(Entries provided Opens)

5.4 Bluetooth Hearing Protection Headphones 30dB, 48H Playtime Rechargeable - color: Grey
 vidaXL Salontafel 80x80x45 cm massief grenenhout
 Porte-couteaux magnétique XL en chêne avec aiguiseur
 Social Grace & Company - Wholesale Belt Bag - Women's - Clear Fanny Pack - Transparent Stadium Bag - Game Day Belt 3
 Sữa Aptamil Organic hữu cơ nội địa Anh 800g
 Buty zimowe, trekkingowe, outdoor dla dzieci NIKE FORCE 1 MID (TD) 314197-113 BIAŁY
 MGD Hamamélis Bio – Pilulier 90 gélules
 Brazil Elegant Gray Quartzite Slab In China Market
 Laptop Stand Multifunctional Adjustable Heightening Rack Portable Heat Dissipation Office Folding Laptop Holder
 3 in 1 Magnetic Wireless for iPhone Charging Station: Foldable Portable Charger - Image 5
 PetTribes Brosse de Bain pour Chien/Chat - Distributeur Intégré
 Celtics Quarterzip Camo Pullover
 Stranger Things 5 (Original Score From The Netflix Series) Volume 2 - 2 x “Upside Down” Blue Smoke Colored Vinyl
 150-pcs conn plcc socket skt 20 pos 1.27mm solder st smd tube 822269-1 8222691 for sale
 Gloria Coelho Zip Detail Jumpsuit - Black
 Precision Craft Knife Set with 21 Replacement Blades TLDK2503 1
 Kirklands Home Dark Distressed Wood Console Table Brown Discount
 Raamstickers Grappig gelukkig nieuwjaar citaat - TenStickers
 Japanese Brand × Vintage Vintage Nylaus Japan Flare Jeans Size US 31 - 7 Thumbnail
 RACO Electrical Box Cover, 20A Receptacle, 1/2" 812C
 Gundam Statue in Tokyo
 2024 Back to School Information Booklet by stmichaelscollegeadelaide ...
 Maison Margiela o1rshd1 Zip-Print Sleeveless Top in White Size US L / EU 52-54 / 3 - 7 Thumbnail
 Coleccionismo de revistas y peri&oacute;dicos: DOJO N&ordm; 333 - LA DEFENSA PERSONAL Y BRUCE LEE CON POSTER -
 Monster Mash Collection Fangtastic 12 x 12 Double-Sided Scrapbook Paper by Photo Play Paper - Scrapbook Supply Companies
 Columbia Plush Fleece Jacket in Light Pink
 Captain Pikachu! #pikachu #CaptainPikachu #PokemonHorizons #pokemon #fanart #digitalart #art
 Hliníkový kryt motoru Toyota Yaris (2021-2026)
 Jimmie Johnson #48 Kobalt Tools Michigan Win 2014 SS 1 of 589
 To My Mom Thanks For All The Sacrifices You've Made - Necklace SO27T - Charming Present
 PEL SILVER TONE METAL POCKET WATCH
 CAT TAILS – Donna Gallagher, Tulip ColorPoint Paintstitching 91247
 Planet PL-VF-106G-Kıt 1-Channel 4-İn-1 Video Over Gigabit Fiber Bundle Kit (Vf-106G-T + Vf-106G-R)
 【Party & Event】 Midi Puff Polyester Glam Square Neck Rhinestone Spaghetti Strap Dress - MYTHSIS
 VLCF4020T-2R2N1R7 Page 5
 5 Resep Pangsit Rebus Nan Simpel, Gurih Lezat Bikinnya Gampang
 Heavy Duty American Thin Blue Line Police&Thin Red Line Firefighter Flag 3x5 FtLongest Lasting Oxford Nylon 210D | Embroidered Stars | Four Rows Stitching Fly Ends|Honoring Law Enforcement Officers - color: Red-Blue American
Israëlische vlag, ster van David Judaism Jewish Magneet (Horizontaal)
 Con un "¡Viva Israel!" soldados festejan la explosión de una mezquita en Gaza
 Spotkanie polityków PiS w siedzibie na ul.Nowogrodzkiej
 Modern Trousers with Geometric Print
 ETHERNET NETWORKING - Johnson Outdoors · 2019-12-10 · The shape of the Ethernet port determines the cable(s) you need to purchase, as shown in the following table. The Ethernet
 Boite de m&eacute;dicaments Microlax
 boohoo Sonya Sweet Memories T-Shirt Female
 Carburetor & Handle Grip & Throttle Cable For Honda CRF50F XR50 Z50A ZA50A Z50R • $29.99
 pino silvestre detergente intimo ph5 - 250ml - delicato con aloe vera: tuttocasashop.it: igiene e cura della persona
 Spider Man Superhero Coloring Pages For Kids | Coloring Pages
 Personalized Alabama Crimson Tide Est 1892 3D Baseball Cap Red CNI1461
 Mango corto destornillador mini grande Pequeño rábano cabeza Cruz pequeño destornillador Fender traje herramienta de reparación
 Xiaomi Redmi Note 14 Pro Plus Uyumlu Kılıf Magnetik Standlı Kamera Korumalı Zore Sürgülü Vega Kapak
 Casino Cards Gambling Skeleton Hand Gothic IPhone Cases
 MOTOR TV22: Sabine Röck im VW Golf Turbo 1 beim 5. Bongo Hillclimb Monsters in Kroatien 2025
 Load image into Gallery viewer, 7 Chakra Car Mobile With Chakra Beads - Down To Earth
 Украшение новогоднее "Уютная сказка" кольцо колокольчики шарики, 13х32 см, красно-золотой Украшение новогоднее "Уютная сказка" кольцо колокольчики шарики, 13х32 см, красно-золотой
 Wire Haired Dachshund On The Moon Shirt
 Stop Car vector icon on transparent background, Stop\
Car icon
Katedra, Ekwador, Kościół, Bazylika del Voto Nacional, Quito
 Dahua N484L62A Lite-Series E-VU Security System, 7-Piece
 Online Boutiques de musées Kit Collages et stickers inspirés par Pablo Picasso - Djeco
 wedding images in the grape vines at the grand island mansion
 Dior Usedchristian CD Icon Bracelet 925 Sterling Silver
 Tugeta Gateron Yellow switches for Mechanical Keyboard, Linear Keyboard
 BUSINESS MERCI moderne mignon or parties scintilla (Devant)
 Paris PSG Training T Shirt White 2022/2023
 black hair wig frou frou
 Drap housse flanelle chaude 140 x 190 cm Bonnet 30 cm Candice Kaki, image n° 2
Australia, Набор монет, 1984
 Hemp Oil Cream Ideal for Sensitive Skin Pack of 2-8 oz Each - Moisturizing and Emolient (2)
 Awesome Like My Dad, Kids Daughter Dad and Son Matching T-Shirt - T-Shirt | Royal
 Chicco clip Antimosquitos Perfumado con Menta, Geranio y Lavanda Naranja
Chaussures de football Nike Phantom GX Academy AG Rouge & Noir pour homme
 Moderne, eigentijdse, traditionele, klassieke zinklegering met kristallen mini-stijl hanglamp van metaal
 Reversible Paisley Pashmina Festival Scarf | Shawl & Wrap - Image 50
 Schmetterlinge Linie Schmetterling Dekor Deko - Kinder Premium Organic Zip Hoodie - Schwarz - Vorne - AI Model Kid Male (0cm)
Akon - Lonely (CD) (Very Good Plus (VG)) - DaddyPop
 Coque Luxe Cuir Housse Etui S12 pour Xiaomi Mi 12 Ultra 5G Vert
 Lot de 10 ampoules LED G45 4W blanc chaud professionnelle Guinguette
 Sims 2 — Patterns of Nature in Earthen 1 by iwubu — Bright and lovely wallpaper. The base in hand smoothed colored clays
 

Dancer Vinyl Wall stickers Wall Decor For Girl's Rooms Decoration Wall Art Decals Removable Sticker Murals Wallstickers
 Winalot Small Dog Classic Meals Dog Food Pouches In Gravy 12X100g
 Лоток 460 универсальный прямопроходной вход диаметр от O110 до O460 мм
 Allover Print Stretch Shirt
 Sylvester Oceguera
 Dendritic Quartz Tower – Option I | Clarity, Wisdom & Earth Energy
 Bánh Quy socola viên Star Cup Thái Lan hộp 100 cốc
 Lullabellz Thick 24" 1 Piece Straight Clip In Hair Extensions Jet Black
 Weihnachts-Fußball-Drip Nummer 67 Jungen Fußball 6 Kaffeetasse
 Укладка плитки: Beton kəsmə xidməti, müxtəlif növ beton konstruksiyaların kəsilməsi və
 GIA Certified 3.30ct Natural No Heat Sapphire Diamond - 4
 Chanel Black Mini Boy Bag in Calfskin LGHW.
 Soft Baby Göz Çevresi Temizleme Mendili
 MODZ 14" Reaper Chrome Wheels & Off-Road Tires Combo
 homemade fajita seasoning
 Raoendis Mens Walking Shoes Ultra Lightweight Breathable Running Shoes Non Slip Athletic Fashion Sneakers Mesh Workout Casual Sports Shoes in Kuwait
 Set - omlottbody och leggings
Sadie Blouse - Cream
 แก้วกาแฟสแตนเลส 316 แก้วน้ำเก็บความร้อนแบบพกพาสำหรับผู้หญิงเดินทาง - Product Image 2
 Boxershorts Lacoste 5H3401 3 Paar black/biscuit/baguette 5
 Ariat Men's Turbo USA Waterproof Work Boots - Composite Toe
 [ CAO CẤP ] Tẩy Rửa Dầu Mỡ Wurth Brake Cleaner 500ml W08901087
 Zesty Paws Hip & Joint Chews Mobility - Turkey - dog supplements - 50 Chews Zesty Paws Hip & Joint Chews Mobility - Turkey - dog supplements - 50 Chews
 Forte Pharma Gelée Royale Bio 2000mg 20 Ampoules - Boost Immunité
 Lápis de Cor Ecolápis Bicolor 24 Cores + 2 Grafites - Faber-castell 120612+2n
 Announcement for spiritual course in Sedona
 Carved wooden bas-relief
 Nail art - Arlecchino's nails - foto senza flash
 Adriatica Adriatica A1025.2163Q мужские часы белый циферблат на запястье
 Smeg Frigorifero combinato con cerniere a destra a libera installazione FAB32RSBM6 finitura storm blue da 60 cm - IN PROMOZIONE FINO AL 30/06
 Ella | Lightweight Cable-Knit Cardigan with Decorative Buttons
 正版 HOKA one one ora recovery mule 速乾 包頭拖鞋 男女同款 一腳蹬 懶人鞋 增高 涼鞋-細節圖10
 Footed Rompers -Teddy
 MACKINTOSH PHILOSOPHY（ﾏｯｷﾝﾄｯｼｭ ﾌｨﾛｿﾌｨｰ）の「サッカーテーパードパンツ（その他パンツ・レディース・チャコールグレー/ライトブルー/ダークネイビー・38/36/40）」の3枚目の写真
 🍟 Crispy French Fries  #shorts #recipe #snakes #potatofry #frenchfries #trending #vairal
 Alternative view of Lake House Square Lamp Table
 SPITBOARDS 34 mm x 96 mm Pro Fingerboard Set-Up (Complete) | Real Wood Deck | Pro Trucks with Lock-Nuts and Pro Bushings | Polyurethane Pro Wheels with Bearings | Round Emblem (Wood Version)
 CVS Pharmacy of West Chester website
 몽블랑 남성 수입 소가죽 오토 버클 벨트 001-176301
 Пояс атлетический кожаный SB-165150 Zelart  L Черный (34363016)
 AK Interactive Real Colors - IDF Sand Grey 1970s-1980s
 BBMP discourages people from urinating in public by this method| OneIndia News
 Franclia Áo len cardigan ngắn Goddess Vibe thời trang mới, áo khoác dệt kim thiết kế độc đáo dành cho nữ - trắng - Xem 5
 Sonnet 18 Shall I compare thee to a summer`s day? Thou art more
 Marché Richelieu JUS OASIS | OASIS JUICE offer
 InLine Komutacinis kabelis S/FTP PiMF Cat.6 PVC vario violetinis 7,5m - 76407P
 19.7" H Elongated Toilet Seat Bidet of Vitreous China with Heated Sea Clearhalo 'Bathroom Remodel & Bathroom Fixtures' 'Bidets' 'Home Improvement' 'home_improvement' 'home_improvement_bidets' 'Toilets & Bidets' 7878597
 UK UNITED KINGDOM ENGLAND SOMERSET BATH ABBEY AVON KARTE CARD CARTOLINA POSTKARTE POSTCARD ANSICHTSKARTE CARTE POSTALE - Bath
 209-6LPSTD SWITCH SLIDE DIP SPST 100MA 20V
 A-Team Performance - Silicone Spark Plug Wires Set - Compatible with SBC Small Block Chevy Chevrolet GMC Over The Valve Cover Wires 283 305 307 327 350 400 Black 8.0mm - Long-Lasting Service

(Entries provided Closes)

→ **Task item**
Would you copy, unchanged, the stretch of the records above that begins at the line containing "Lot de 10 ampoules" and ends at the line containing "Sadie Blouse - Cream", and only that?

→ **Response to this exercise**
 Lot de 10 ampoules LED G45 4W blanc chaud professionnelle Guinguette
 Sims 2 — Patterns of Nature in Earthen 1 by iwubu — Bright and lovely wallpaper. The base in hand smoothed colored clays
 

Dancer Vinyl Wall stickers Wall Decor For Girl's Rooms Decoration Wall Art Decals Removable Sticker Murals Wallstickers
 Winalot Small Dog Classic Meals Dog Food Pouches In Gravy 12X100g
 Лоток 460 универсальный прямопроходной вход диаметр от O110 до O460 мм
 Allover Print Stretch Shirt
 Sylvester Oceguera
 Dendritic Quartz Tower – Option I | Clarity, Wisdom & Earth Energy
 Bánh Quy socola viên Star Cup Thái Lan hộp 100 cốc
 Lullabellz Thick 24" 1 Piece Straight Clip In Hair Extensions Jet Black
 Weihnachts-Fußball-Drip Nummer 67 Jungen Fußball 6 Kaffeetasse
 Укладка плитки: Beton kəsmə xidməti, müxtəlif növ beton konstruksiyaların kəsilməsi və
 GIA Certified 3.30ct Natural No Heat Sapphire Diamond - 4
 Chanel Black Mini Boy Bag in Calfskin LGHW.
 Soft Baby Göz Çevresi Temizleme Mendili
 MODZ 14" Reaper Chrome Wheels & Off-Road Tires Combo
 homemade fajita seasoning
 Raoendis Mens Walking Shoes Ultra Lightweight Breathable Running Shoes Non Slip Athletic Fashion Sneakers Mesh Workout Casual Sports Shoes in Kuwait
 Set - omlottbody och leggings
Sadie Blouse - Cream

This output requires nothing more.